▸ **THE INPUT**
****************************************
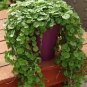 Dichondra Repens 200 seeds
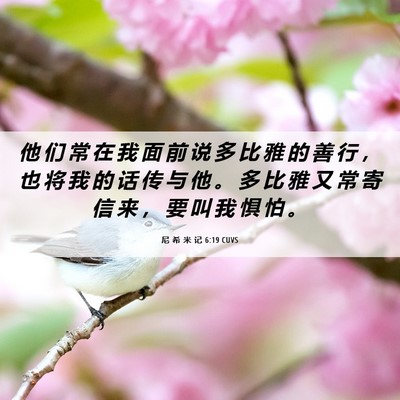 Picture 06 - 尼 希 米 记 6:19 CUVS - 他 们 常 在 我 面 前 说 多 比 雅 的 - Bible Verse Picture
****************************************
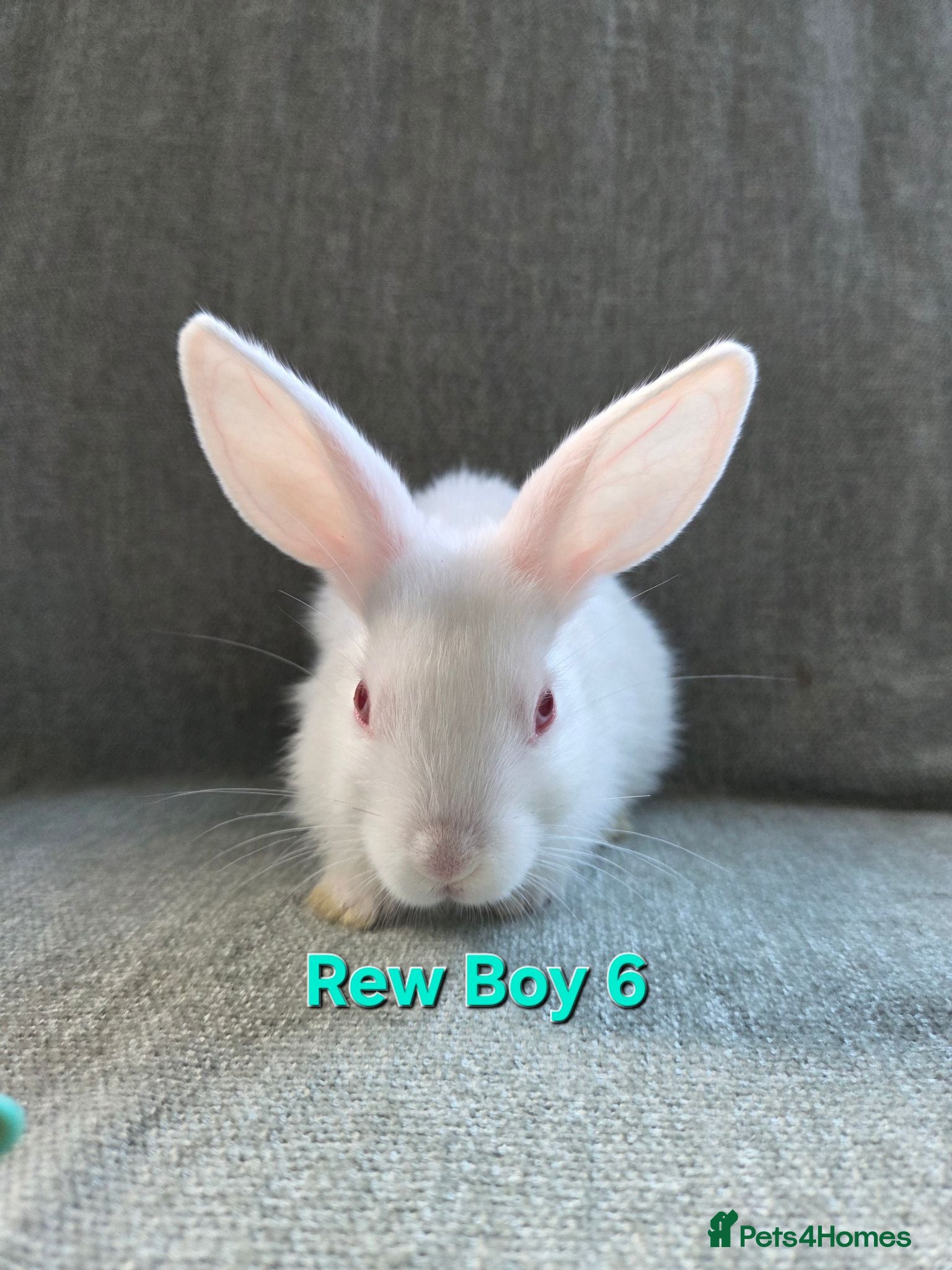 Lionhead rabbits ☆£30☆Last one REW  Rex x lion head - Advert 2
****************************************
▸ **TASK INSTRUCTIONS**
Copy the listing above exactly, but only from the line with "Dichondra Repens 200 seeds" through the line with "Picture 06 - 尼", including those two lines and excluding any picture.

▸ **OUTPUT BELOW**
 Dichondra Repens 200 seeds
 Picture 06 - 尼 希 米 记 6:19 CUVS - 他 们 常 在 我 面 前 说 多 比 雅 的 - Bible Verse Picture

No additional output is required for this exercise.